▸ WHAT YOU WILL DO: Starting at the line below that contains "Katzentoiletten von CROPLAS", print each line through the end of the records exactly as it appears.

▸ SUPPLIED DATA:

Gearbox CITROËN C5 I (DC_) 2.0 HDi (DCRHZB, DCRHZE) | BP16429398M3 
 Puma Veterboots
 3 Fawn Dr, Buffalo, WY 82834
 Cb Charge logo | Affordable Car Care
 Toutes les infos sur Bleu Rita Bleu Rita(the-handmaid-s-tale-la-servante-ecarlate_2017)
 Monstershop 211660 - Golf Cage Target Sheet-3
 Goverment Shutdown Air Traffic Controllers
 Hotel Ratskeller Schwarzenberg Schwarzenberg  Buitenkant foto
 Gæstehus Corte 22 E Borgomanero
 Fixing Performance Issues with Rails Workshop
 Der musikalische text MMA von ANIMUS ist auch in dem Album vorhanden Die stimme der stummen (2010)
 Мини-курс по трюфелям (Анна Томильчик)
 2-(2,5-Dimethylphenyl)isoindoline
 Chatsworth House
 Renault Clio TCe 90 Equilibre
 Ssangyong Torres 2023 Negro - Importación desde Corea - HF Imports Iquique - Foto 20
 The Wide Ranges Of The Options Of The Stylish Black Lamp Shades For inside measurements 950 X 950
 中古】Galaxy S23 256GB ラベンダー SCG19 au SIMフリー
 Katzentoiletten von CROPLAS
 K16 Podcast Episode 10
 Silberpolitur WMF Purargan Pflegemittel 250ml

▸ TASK RESPONSE:
 Katzentoiletten von CROPLAS
 K16 Podcast Episode 10
 Silberpolitur WMF Purargan Pflegemittel 250ml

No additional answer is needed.